2. Description of the Prior Art
In the production of semiconductor components, photolithographic etching techniques are used to etch structures in semiconductor wafers or in layers arranged on the semiconductor wafers. Irradiation masks are optically aligned on light-sensitive lacquer which is arranged on the semiconductor wafer. In addition to light-optical projection and copying processes, electron-optical processes are also used. In comparison to the light-optical projection process, the electron-optical processes have the advantage that projection inaccuracies caused by diffraction phenomena are less. When electron-optical projection and copying processes are used, the semiconductor wafers provided with an electron-sensitive lacquer must be adjusted in relation to the irradiation mask. In the case of electron beam alignment, in which an electron beam deflected by electromagnetic means automatically produces an illuminated area on a radiation-sensitive lacquer layer, the semiconductor wafer must be adjusted with respect to a radiation reference which is struck by the non-deflected beam. This adjustment must be highly accurate, particularly when the semiconductor wafer is provided with existing structures, which, in the production of a semiconductor device, must have a definite position in relation to the subsequently applied structures.

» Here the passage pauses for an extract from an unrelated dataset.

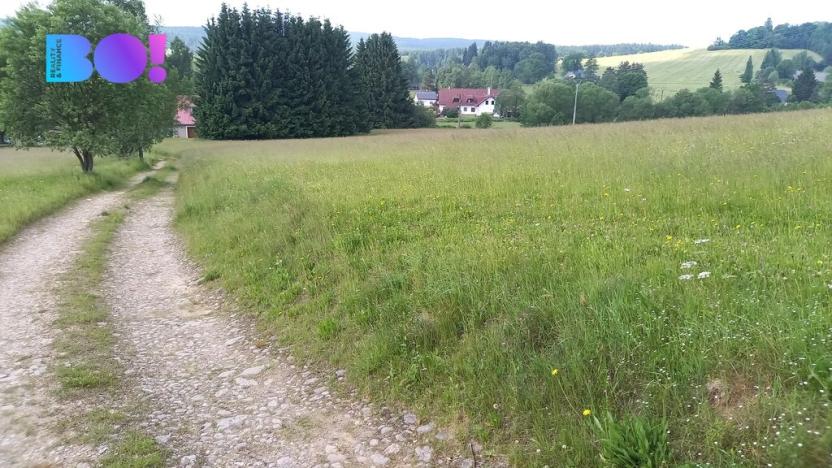 Prodej pole, Křižánky - České Křižánky, 5336 m2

In accordance with the prior art, the adjustment with the aid of an electron beam is effected by moving the beam across an adjustment mark in the form of a stage arranged on the semiconductor wafer. When the electron beam penetrates into the material comprising the adjustment mark, it releases secondary or backscatter electrons which move away from the adjustment mark in a direction which is different to the direction of the oncoming electron beam. The secondary electrons and the backscatter electrons are intercepted by a detector. For purposes of adjustment, either the semiconductor wafer or the electron beam source is displaced until the detector supplies the desired signal. When the semiconductor wafer and the adjustment mark in the form of a stage on the semiconductor wafer are coated with an electron sensitive lacquer, as is necessary when an electron-optical illuminating process is being used, the signal produced by the backscatter and secondary electrons is considerably flattened and blurred. This results since the secondary and backscatter electrons are subject to additional scatter processes in the overlying electronsensitive lacquer. Blurred and unclear signals of this type are not very suitable, particularly for automatic adjustment. Also, a further complication arises since for secondary and backscatter electrons, the signal to noise ratio is small.